"Aku membenci waktu."
Suara perempuan mendesis dalam senja menjemput malam.
"Waktu seperti penyamun membawa engkau pergi."
Suara berlanjut pelan.
"Waktu tak pernah membawamu pulang."
Tangis itu pecah.
Perempuan berambut pendek tergugu di sudut rimba sunyi. Nurani perempuannya menyembul dalam kesepian. Bumi menerima tumpahan air mata, desau dedaunan mendengar kisah perpisahan.
Renjana, perempuan itu bernama Renjana. Pada suatu masa, Jana dan sang kekasih pernah melakukan perayaan bersama di sudut rimba. Kenduri rimba, begitu mereka menyebutnya.
Jana dan kekasihnya merayakan ulang tahun bersama-sama. Mereka berulang tahun pada tanggal yang sama dan bulan yang sama pula, 8 November.Â
Kenduri rimba, mereka berdua layak kanak-kanak. Mengumpulkan buah murbei, menyicipinya satu persatu. Mengernyitkan mata jika bertemu buah yang asam. Lalu membuat mahkota bunga dari bunga liar. Tak lupa menanak nasi kuning yang kuning sekali, karena kebanyakan kunyit.Â
"Selamat ulang tahun Tarzan."
"Selamat ulang tahun juga Jane."
Rimba mungkin telah hapal akan kelakar, gelak tawa.
Besok, tanggal 8 November. Dua insan akan kembali berulang tahun tapi tak ada perayaan berdua. Tak ada kenduri rimba lagi. Jana tak pernah melupakan momen itu, kali ini membiarkan dirinya berucap ulang tahun pada diri sendiri.
Jana mulai memasak nasi kuning menggunakan nesting, membentuk tumpeng mini nan manis. Menggoreng ayam bumbu dan tempe. Menatanya di atas daun pisang.Â
Tengah malam nanti Jana akan memotong tumpeng sendiri, kenduri rimba nan lengang. Tanpa gelak tawa, tanpa senyuman yang melumat sepi rimba.
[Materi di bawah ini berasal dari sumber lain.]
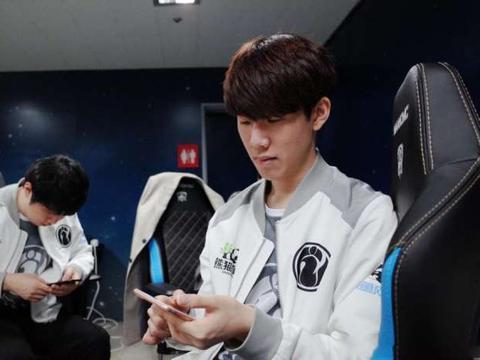 Xiaolaohu ：整个常规赛 感觉今年打得比以往要好非常多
Suara deru api unggun dalam kelam malam menghangatkan jiwa. Jana menghirup kopi pahit sambil berhitung. Ini sudah tahun ketiga tanpa kenduri rimba.
Jana mengingat pesan nenek, jika engkau merindukan seseorang maka seru namanya.
Oh rindau (Oh rindu)
Kimoklah buleang (Lihatlah bulan)
Pandanglah binteang (Pandanglah bintang)
Adea ngimok gadih murindau dalon sunyai (Ada melihat gadis merindu dalam sunyi)
Tibelah sayang, bie ratai ridek ribea (Tibalah sayang, biar hati tidak iba)
Mulut Jana komat kamit seolah membaca mantra. Jana terkantuk, mengatup mata, bibir dan kenangan sejenak. Api unggun masih menari dalam gelap, mengecil dan padam dini hari
Jana menguap, mendapati dirinya yang hangat oleh sehelai selimut. Setangkai mawar putih tergolek dalam genggaman tangannya yang pasi.
Jana terkesiap, semalam tak ada selimut yang membelit raganya pun tak ada setangkai mawar. Tak ada, tak ada siapa-siapa, pandangan Jana menyapu ke sekitarnya. Memang tak ada siapa-siapa. Apakah karena mantra dari nenek?
Hidup memang penuh misteri. Mawar putih bertanda apa? Kabar suka atau duka? Ketulusan cinta atau cinta terakhir? Entahlah, Jana tak bisa berandai-andai, bukan ahli nujum yang bisa meramal masa yang akan datang.
Jana menghampiri tumpeng mini yang masih utuh tergelar di tenda. Berucap doa akan usia, linimasa yang sampai hari ini sungguh menakjubkan. Memotong tumpeng, menikmati dengan rasa syukur.
Hari ini Jana ingin memangkas asa, melepas belenggu lega. Rindu biarlah menjadi gita pengantar menuju malam bermimpi. Selamat ulang tahun diriku dan dirimu. Semoga rindu tetap rimbun dalam bias kenang. Namun tak lagi terjerat tali rasa dan memaku langkah ke depan.
Jana berasa menjadi seekor capung betina, ringan terbang lepas di rimba. Sayap akan membawaku terbang menggapai impian dengan riak cinta tanpa batas.